1 Introduction

Representing text documents as fixed-length vectors is central to many language processing tasks. Perhaps the most popular fixed-length vector representation for documents is the bag-of-words (BoW) representation [1], where each word is viewed as a distinct feature dimension based on strong independent assumption. Most traditional methods either directly use the BoW representation (e.g., tf-idf vector), or are built upon BoW (e.g., matrix factorization [2, 3] and probabilistic topical models [4, 5]). Apparently, by using BoW as the foundation, rich semantic relatedness between words is lost. The document representation thus is obtained purely based on the word-by-document co-occurrence information.

Recent developments in distributed word representations [6, 7] have succeeded in revealing rich linguistic regularities between words. Specifically, by mapping each word into a continuous vector space, both syntactic and semantic relatedness between words can be captured using simple algebra over word vectors. Therefore, a natural idea is that one can build document representations based on a better foundation, namely the Bag-of-Word-Embeddings (BoWE) representation, by replacing distinct words with word vectors learned a priori with rich semantic relatedness encoded. The follow-up question is how to obtain a fixed-length vector representation of document based on BoWE for efficient document processing.
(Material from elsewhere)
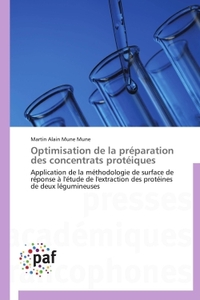 OPTIMISATION DE LA PREPARATION DES CONCENTRATS PROTEIQUES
There have been several heuristic ways to obtain the document vector based on word embeddings, e.g., by using the average or weighted sum of all the word vectors contained in a document [8]. Another well-known approach is the Paragraph Vector (PV) [9] method, which jointly learns the word and document vectors through some prediction task. A common problem of all these methods is that they assume that the document vector lies in the same semantic space as words vectors. However, this may not be a necessary condition in practice since documents usually convey much richer semantics than individual words.

Recent work [10] has shown that one can use the Fisher kernel (FK) framework [11] as a flexible and principled way to generate document representations based on BoWE. It consists in non-linearly mapping the word embeddings into a higher-dimensional space and in aggregating them into a document representation. Specifically, in the FK-based aggregation, words are embedded into a Euclidean space by latent semantic indexing (LSI), and a Gaussian Mixture Model (GMM) is employed as the generative model of the word embeddings. The gradients of the GMM parameters are then used to generate the document representation. This FK-based aggregation method is highly efficient (i.e., simple adding operation to generate a new document representation), and has shown its superiority in several document clustering and retrieval tasks.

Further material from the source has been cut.